Modifications to embodiments of the present disclosure described in the foregoing are possible without departing from the scope of the present disclosure as defined by the accompanying claims. Expressions such as “including”, “comprising”, “incorporating”, “have”, “is” used to describe, and claim the present disclosure are intended to be construed in a non-exclusive manner, namely allowing for items, components or elements not explicitly described also to be present. Reference to the singular is also to be construed to relate to the plural. The word “exemplary” is used herein to mean “serving as an example, instance or illustration”. Any embodiment described as “exemplary” is not necessarily to be construed as preferred or advantageous over other embodiments and/or to exclude the incorporation of features from other embodiments. The word “optionally” is used herein to mean “is provided in some embodiments and not provided in other embodiments”. It is appreciated that certain features of the present disclosure, which are, for clarity, described in the context of separate embodiments, may also be provided in combination in a single embodiment.

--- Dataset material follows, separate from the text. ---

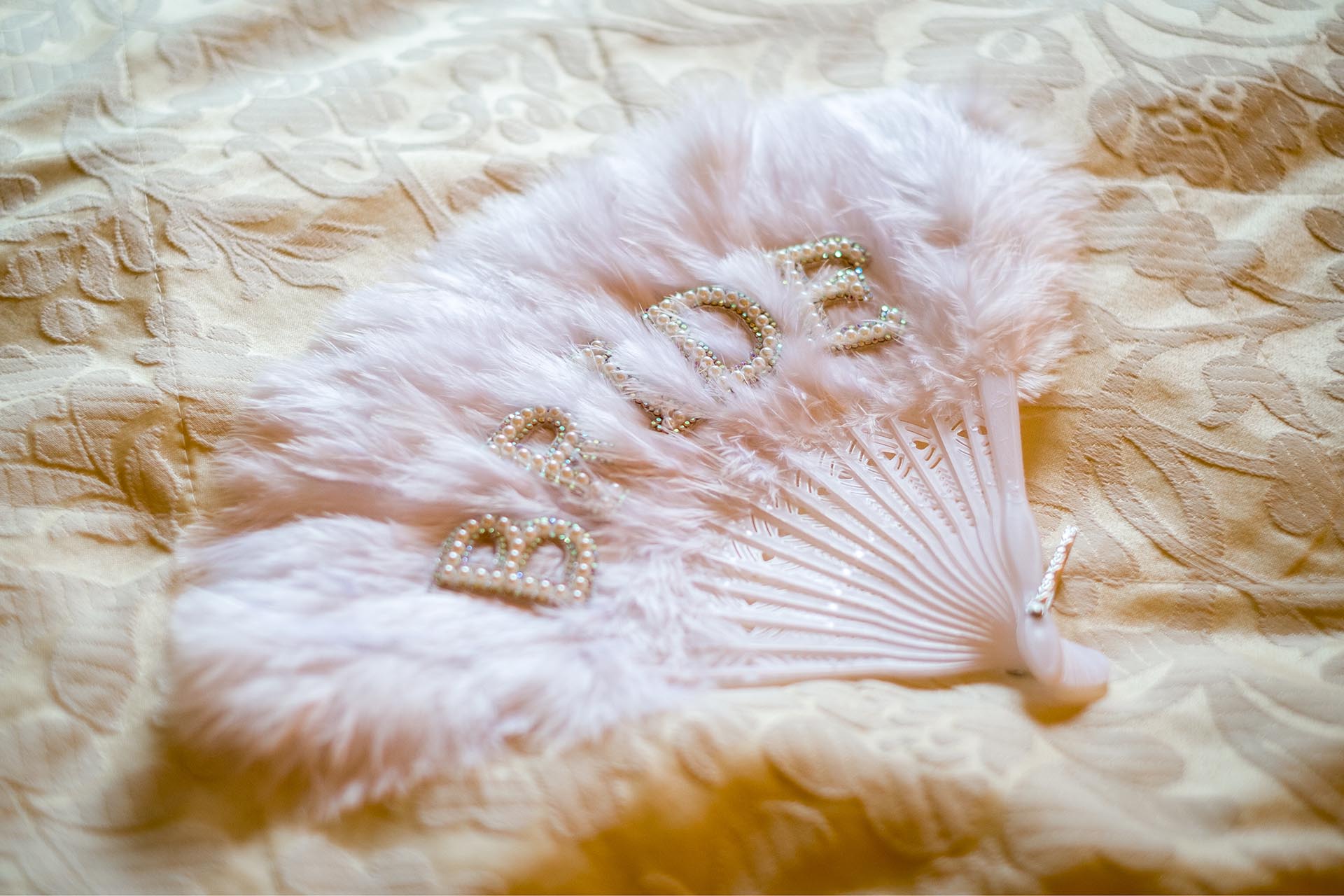 Photograph of white feather fan with letters spelling BRIDE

Conversely, various features of the present disclosure, which are, for brevity, described in the context of a single embodiment, may also be provided separately or in any suitable combination or as suitable in any other described embodiment of the disclosure.
1. A system for recognizing vertically oriented alphanumeric text in images, the system comprising:
a processor configured to:
receive one or more images comprising vertically oriented alphanumeric text with respect to a ground plane;
detect one or more regions-of-interest in each image of the one or more images, via a trained text detector, the one or more regions-of-interest comprising the vertically oriented alphanumeric text;
execute a cropping of the detected one or more regions-of-interest encompassing corresponding vertically oriented alphanumeric text from each image of the one or more images to obtain one or more text crop portions;
rotate the one or more text crop portions by 90 degrees to obtain one or more orthogonally rotated text crop portions;
execute a trained ensemble of two different text recognition models on each of the obtained one or more text crop portions and the one or more orthogonally rotated text crop portions;
generate a set of candidate recognized text strings based on the executed trained ensemble of two different text recognition models; and
determine a final recognized text string from the generated set of candidate recognized text strings based on a defined camera based parameter and a text-character frequency parameter.
2. The system of claim 1, wherein the defined camera based parameter is indicative of a number of camera views from which the detected region-of-interest is captured, and wherein a candidate recognized text string from the generated set of candidate recognized text strings identified in the same detected region-of-interest by two or more cameras is given a higher priority.
3. The system of claim 1, wherein the text-character frequency parameter comprises, for each candidate text string, a count of how frequently the text string is output by the trained ensemble across the one or more images.
4. The system of claim 1, wherein the trained ensemble of two different text recognition models comprises a first text recognition model trained on a first training dataset comprising a plurality of vertically oriented synthetic and real-world alphanumeric text samples.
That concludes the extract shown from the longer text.